The station's original call sign, WAPA, was a partial abbreviation of the station's original owners, the now-defunct Asociación de Productores de Azúcar, or Puerto Rico Sugar Grower's Association. In the late 1960s, it was acquired by Hearst Corporation. In 1991, it was acquired by NotiRadio Broadcasting (Eng. Wifredo G. Blanco-Pi, owner and his son Eng. Jorge Blanco, news director).

In 1996, NotiRadio Broadcasting acquired radio station WISO 1260 in Ponce from South Puerto Rico Broadcasting Corporation (founded by Luis Freyre in 1953); this became the second radio station of the WAPA Radio News Network.

In 2014, after 66 years of local operation, WXRF 1590 AM in Guayama (originally founded by Jose Fuster) was acquired from International Broadcasting Corporation by NotiRadio Broadcasting for $100,000, as the third radio station of WAPA Radio. On March 24, this station changed its call letters to WGYA.

On March 14, 2017, after a year off the air due to transmitter problems, NotiRadio Broadcasting resumed operations of WVOZ 1580 AM in Morovis-Manatí, rejoining the WAPA Radio News Network, since its establishment, 35 years ago in 1981. The station was acquired from International Broadcasting Corporation for $150,000. WVOZ became silent due to technical maintenance and financial reasons in April 2016.

On March 2, 2017, WAPA Radio acquired WMIA 1070 AM in Arecibo (originally owned by Abacoa Radio Corporation) for over $250,000, and the sale was completed on April 14, 2017. On May 1, WMIA became the new "WAPA Radio News Network" station, serving the northern area.

WVOZ changed its community of license from Morovis to Aguadilla, after WI3XSO's license was cancelled on May 8. The community of license move was granted on December 28, 2017. WAPA Radio was now a network of five radio stations across the island.

On June 21, 2017, WTIL 1300 AM in Mayaguez buys for a three-way swap from La Mas Z Radio, Inc., when awaiting the transaction completes, this becomes the sixth radio station of the WAPA Radio News Network on August 1. On August 3, WGYA changed back to the original WXRF call letters.
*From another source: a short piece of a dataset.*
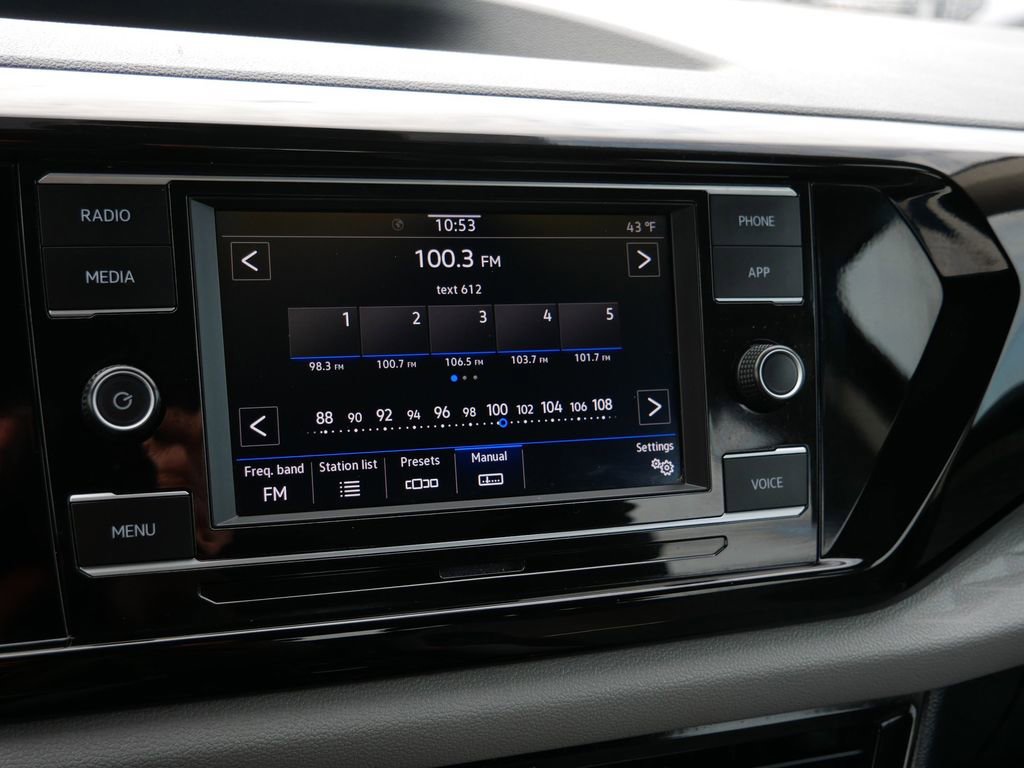 Used 2024 Volkswagen Taos S image 18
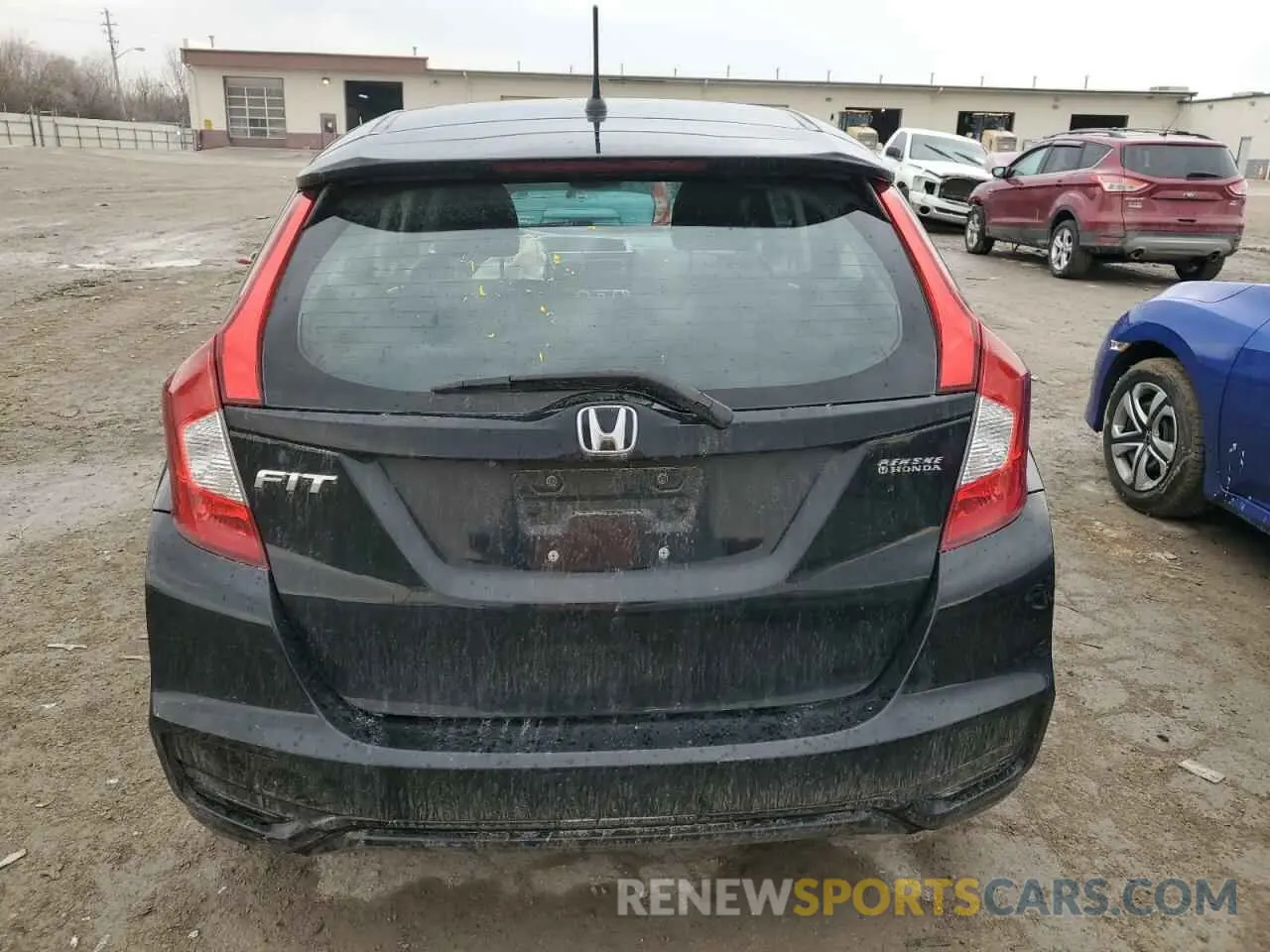6 Photograph of a damaged car 3HGGK5H49LM724382 HONDA FIT 2020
On August 15, the sale of WTIL to Blanco Pi was completed.

WAPA was the only radio station to remain on the air throughout the passage of Hurricane Maria on September 20, 2017. The station helped family members contact each other by relaying messages of safety. WAPA's programming was reduced to 17 and a half hours from 4:45 AM until 9 PM, operating with a diesel generator, that some areas of the transmitters don't have electrical grid. As of 2018, WAPA's programming was heard on weekdays from 4:45 AM to 10 PM, Saturdays from 5 AM to 10 PM and Sundays from 6 AM to 10 PM.

On May 23, 2022, after WAPA-TV acquired radio stations WKAQ (AM) and FM in San Juan, and in order to avoid confusion between unrelated broadcasting entities, branding for "WAPA Radio" was changed to "Borinquen Radio". The WBQN call letters that had been assigned to a station on 1160 AM in Barceloneta-Manatí were moved to the former WAPA at 680 AM in San Juan, and several other call sign changes were made around the network. Another call swap, on October 11, 2024, restored the WAPA call sign to the station.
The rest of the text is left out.